In addition, compensation paid under this Act cannot be state aid from a terminological perspective because operators of installations for the generation of electricity from renewable energy sources are not granted any benefits; instead, the Act compensates disadvantages which such operators have in comparison with conventional electricity producers. After all, most of the social and ecological follow-up costs associated with conventional electricity generation are currently not borne by the operators of such installations but by the general public, the taxpayers and future generations. The Renewable Energy Sources Act merely reduces this competitive advantage which conventional electricity generators have vis-à-vis operators generating electricity from renewable energy sources which cause only limited external costs.
In no other field is the introduction of a pricing regime at the expense of polluters more legitimate and more justifiable than in the field of energy supply because of the ecological damage associated with conventional electricity generation. The Renewable Energy Sources Act, which is designed to promote the market introduction of emission-free and sustainable energy sources to substitute for conventional energy sources, provides for strictly consistent, equal burden sharing among all power suppliers. This is in keeping with the ‘polluter pays’ principle established in environmental protection. This principle is part and parcel of the primary law laid down in the EC Treaty, which in its Article 6 stipulates compliance with ecological interests.
The Renewable Energy Sources for which the Act provides compensation payments cannot be obtained anywhere at lower prices.

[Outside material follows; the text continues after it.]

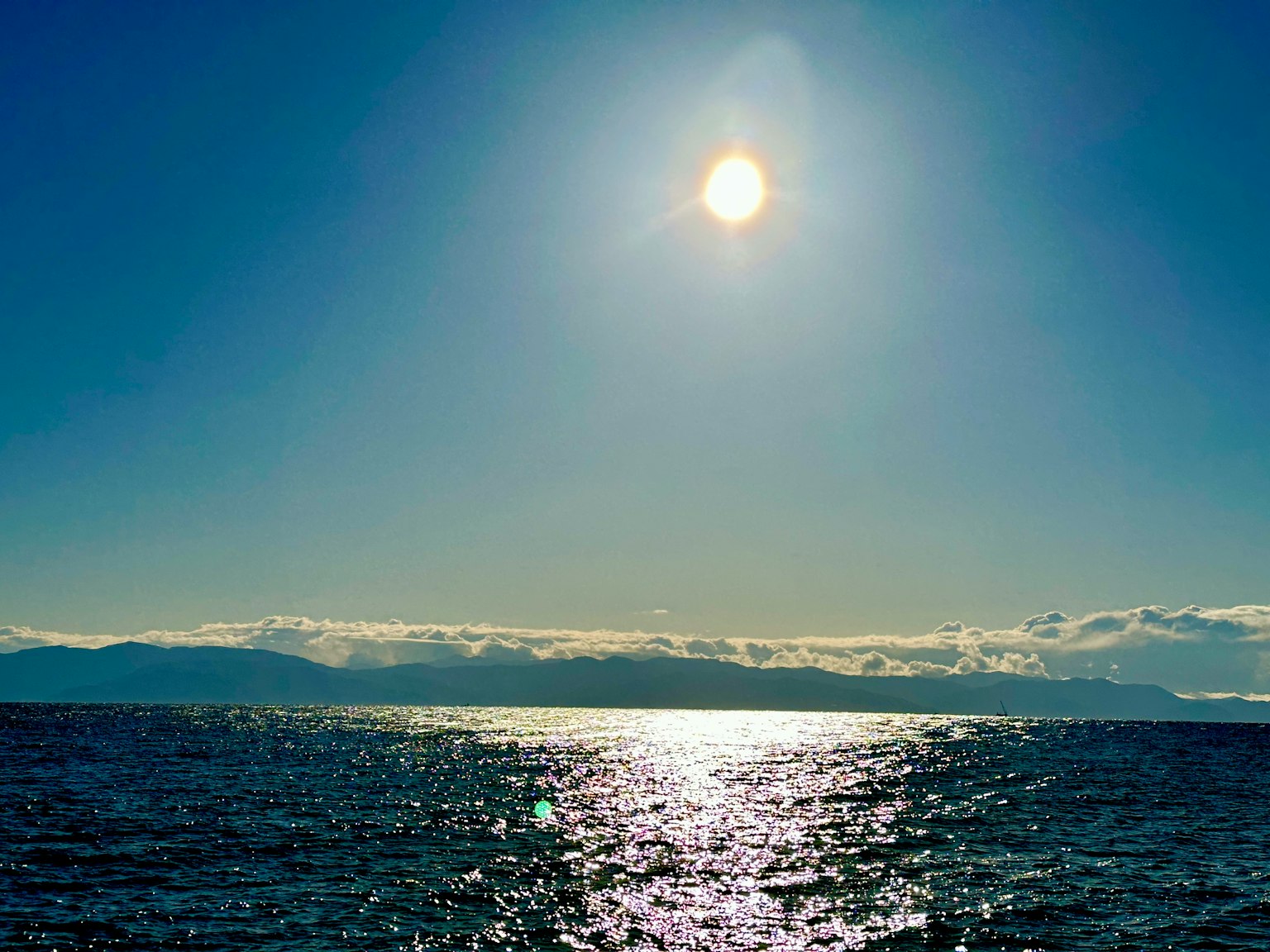 Sol brillante sobre un océano reluciente con montañas a lo lejos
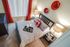 Contemporary bedroom with elegant decor features plush bedding, stylish red accents, and modern lighting.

For this reason, the pricing scheme specified in the Act is not an instrument for artificially supporting the “commodity” kilowatt-hour of electricity generated from renewable energy sources; instead, the prices specified in the Act will permit operators to manage their installations cost-effectively in the first place.
The key regulatory element contained in the Renewable Energy Sources Act is the obligation to purchase electricity generated from renewable energy sources, based on the amount of electricity generated during a calendar year, calculated as a ratio of the total amount of electricity sold. Such obligations are usually imposed when the movement of goods poses serious risks to external interests and when those who are responsible for such risks are not expected to take any voluntary action or sufficient action to prevent such risks. The consumption of electricity in the free market poses such risks to the climate and to the environment. Hence, the Renewable Energy Sources Act can be characterised as a protective standard. Such standards are quite commonly used without this constituting state aid: The fact that it is prohibited to sell alcoholic beverages to adolescents, for instance, does not constitute state aid for non-alcoholic beverages. And systematically reducing the price of lead-free petrol despite higher production costs does not constitute state aid; instead, it is a buying and investing incentive based on the ‘polluter pays’ principle.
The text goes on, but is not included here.